Two years ago, Washington State University biochemistry student Brianna Berg wanted to get involved in some sort of research project on campus. She didn’t really have a preference, she just kept her eye out for something that seemed interesting.
She came across Jonel Saludes’ chemistry lab, where she got started on a project researching prostate cancer. She came in without any expectations but soon found the work engaging.
“It’s grown into something I really enjoy,” the junior said.
Fast forward to last week, and Berg is now one of only 10 undergraduate students nationwide to receive the American Association for Cancer Research’s annual Thomas J. Bardos Science Education Award. The award recognizes students for their academic achievement and for partaking in competitive and relevant cancer research, Saludes said. It is intended to encourage students to enter cancer research fields.
With more than 34,000 members, the AACR is one of the largest, as well as oldest, scientific organizations in the world focused on cancer research. Berg is the first WSU student to win the award.
She applied for the award through a process that required her to send in a personal statement stating her career goals and a summary of her research.
When she received the email confirming she had won the award, she almost couldn’t believe it.
“I was really shocked,” Berg said.
She’ll receive a stipend to attend the annual AACR meeting in April at San Diego, where she will present her research. She said thousands of scientists will attend the meeting. She hopes to make connections with some of them, and hopefully bring home new ideas for future research projects.

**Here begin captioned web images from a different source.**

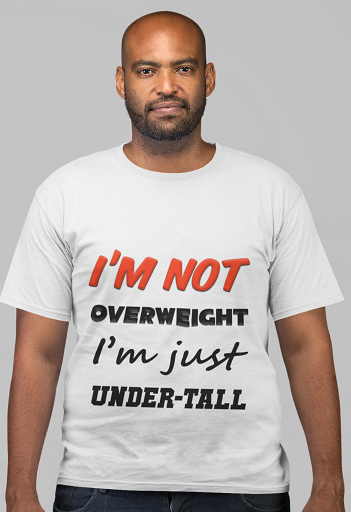 Nothing-But-Plus-humorous-full-figure-plus-size-novelty-t-shirts-for-men-and-women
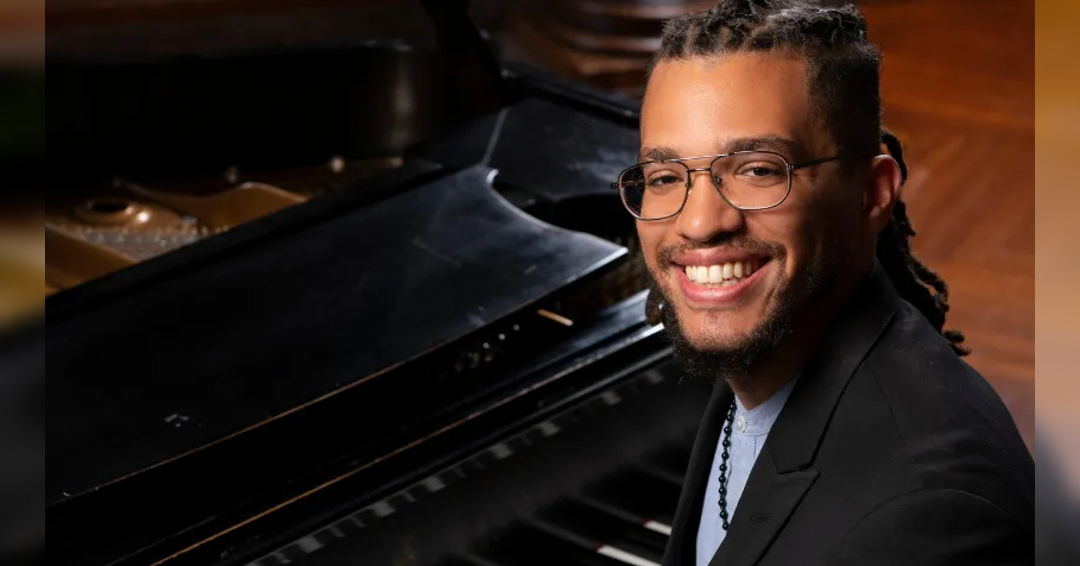 Image Joshua Jenkins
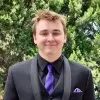 Jack Weber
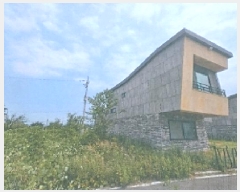  2025Ÿ��30456 ���� ������ ������ �л긮 641-6      ���ð��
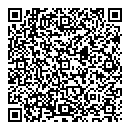 QR код "Альтаир"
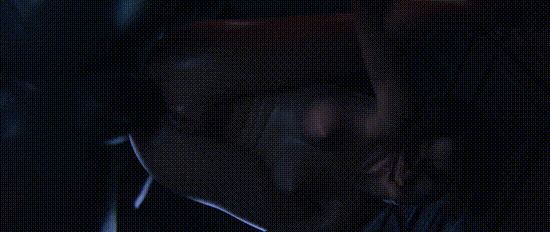aeb_3.gif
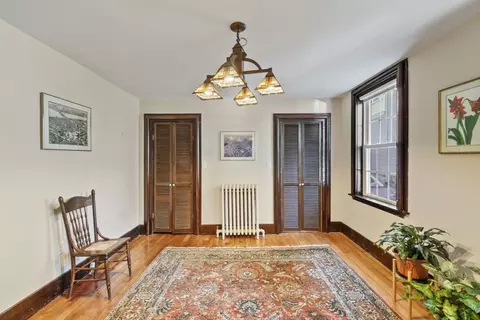 34 Custer St, Boston, MA 02130 photo 13
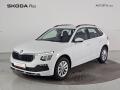 �koda Kamiq 1.0TSI 85kW Selection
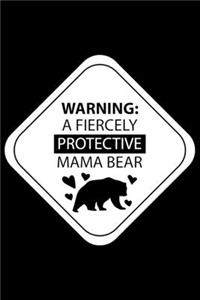 Warning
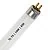 Fluorescent T5 | 14W | G5 fitting | 830 Warm White | 55cm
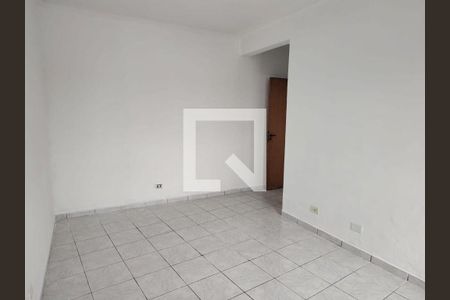 Apartamento à venda com 1 quarto, 50m² em Dos Casa, São Bernardo do Campo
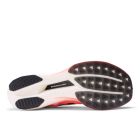 FuelCell SuperComp Elite v5 6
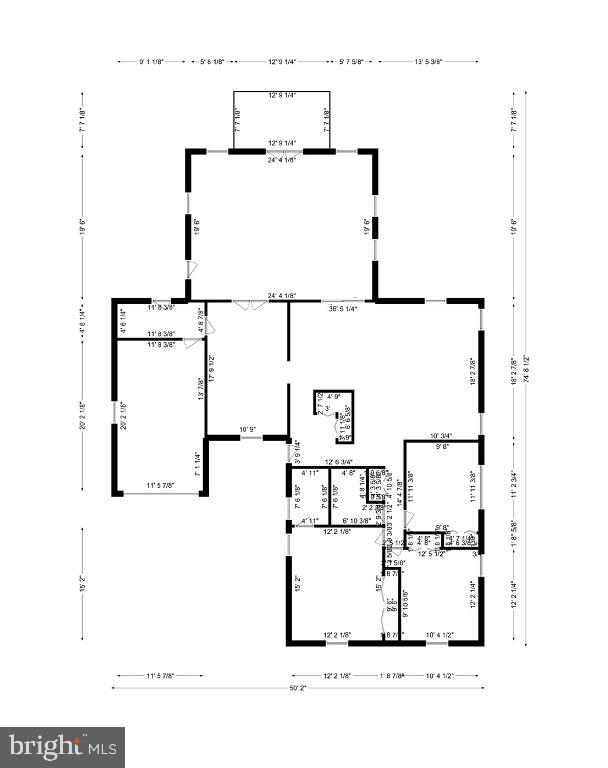 POINTER RIDGE - Residential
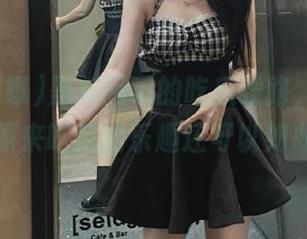 黑料网曝的吃瓜线路，让我意识到，原来吃瓜的乐趣还可以如此丰富！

Berg’s current research revolves around a protein that’s commonly found in all stages of prostate cancer. The protein is part of a biomarker scientists use to identify the cancer cells.
Saludes said the biomarker is well-known among scientists, but no one has investigated the particular protein Berg is studying.
While there is still some mystery behind what this protein does, Berg said it becomes active in cases of prostate cancer. She said if scientists find a way to prevent it from becoming active, they could use that information to develop better treatment for patients.
Saludes said further understanding of the biomarker could also improve diagnosis of the disease.
Saludes called Berg a “very dedicated and meticulous” student whose work has put WSU on the AACR’s radar.
Berg, who plans to attend medical school after graduating, is an Honors College biochemistry and chemistry major.